The reality of God's love enraptured Francis; he was overcome with wonder and awe. His litany of praises which at first appearance seem "over the top" and wordy, are simply breathless acclamations of love, acknowledgements of God's greatness. He seems, to me, to be trying to find suitable words to encompass his experience of God, the truths he has come to know. Simple words, containing so much. "You are Good, all Good, the highest Good, Lord God, living and true. You are love. You are wisdom; You are humility; You are patience; You are beauty; You are meekness, You are security; You are inner peace, You are joy;You are our hope and joy... You are our eternal life: Great and wonderful Lord, God almighty, merciful Saviour."
Us and God
Francis' communion with God was one of ecstatic recognition and
acknowledgement. His life was centred
on a Person, the person of the Incarnate Word. Hence the Rule states:
"The rule and life of the Secular
Franciscans is this: to observe the gospel of our Lord Jesus Christ
by following the example of St Francis
of Assisi, who made Christ the inspiration and the centre of his
life with God and people." Our life is to be
centred on a person, rather than a programme. Our Constitutions:
"Christ, poor and crucified, is the book
in which we learn the purpose and way of living, loving and
suffering." One thing I have struggled with is
to let myself just "be" with Jesus. I have read lots about
him, talked lots about him, hear about him each
Sunday but I often resist just being with him. And, as I prepared
this talk, I read "knowing about is not the
same as knowing. To believe in God is one thing; to know God
is another." And to know God, I think I
must be like Mary and ponder these things in my heart, in personal
relational moments in prayer.
Poverty
Francis' gospel spirituality, which is often seen as focussed on
Poverty as material deprivation,
encompassed so much more. Certainly, material poverty enabled him
to let go of all he may have clung to.
He let go of comfort, of prestige, of respectability, and in the
end, he even had to let go of the vision of the
gospel life his brothers would live. It was spirituality based
on having nothing for oneself, of total
surrender. It was an attitude, a way of being, based on love and trust.

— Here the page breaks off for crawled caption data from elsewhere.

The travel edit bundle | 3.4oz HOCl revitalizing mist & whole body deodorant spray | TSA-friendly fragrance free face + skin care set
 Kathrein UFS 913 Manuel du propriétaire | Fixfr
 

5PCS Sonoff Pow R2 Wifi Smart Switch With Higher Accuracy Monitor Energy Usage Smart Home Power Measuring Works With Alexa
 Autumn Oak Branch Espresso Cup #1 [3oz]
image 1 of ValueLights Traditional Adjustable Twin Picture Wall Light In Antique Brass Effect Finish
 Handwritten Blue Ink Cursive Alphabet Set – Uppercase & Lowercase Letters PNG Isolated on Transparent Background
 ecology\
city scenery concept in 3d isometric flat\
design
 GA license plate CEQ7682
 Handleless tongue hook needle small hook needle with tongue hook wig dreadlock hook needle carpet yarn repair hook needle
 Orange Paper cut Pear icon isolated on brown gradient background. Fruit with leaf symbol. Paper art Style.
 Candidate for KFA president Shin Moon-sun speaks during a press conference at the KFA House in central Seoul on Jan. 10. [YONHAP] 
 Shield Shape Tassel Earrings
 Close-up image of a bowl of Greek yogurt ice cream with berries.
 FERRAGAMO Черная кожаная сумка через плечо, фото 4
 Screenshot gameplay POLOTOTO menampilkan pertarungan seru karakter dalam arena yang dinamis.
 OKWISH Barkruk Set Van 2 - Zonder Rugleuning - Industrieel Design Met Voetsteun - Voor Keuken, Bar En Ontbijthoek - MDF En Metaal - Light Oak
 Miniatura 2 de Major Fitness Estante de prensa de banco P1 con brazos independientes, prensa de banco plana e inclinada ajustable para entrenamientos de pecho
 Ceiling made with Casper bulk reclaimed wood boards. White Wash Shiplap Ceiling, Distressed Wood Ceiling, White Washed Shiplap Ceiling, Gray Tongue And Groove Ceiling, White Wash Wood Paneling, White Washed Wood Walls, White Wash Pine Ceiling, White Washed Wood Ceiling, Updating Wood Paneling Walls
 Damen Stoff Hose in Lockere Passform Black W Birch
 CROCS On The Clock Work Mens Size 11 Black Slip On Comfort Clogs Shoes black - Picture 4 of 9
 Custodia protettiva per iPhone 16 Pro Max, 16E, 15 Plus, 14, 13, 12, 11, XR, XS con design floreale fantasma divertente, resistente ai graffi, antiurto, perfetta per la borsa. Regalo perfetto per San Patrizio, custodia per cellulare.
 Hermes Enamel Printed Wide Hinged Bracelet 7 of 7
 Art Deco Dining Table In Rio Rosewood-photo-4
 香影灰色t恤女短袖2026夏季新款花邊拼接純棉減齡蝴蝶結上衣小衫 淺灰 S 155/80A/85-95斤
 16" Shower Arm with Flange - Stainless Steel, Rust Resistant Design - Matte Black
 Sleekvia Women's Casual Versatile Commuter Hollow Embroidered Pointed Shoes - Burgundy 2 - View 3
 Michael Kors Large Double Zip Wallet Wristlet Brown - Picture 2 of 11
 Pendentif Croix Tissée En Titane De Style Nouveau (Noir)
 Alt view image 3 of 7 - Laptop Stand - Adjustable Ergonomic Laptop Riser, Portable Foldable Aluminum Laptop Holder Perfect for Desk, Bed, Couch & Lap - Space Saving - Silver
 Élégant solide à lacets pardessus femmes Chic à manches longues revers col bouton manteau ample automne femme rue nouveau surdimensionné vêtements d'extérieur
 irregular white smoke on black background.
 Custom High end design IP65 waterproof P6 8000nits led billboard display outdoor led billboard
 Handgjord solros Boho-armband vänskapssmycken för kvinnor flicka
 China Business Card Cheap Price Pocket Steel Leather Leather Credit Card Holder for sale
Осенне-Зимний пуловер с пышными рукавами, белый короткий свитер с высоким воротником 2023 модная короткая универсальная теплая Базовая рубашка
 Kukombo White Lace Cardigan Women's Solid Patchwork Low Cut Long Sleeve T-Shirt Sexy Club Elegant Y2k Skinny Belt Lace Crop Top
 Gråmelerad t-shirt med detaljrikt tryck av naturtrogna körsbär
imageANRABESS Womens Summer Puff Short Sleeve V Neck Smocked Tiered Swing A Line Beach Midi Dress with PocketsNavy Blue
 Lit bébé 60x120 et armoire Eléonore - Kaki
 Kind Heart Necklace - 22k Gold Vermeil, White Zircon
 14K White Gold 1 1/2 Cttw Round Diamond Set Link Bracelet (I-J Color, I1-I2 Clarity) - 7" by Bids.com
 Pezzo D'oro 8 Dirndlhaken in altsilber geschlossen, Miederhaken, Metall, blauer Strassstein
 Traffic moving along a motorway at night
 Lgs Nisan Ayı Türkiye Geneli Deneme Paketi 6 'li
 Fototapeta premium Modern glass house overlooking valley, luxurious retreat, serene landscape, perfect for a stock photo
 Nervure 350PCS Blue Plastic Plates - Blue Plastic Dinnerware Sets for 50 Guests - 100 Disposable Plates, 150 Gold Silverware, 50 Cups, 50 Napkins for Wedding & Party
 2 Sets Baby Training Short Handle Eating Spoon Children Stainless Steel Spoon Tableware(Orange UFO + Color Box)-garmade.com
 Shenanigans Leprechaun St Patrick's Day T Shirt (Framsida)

Sr Briege O'Hare says that in each of
us there is incredible love and we need to give it life and expression.
Francis and Clare gave their love
expression, for both had an affective love of Jesus, a person-to-person
love, which is THE mark of a
Franciscan life. St Bernard of Clairvaux suggested there were four
stages of loving -
We love ourselves for ourselves | |
We love God for what he gives us | |
We love God for himself | |
We love ourselves for God's sake. |
It seems almost trite and a cliché to say that dying to self comes through falling in love with God and finding everything and everybody in him but often what we glibly say, has greater depths to be pondered. Loving him for his own sake means risking all. It is very risky to say wholeheartedly, "God, here I am. I put myself entirely and utterly into your hands" for he just might expect us to do that. It requires much love and trust but as Francis said, "Nothing must be kept back, nothing separate us from him, nothing come between us and him." This is Franciscan poverty and it leads to finding everything, including ourselves, in him.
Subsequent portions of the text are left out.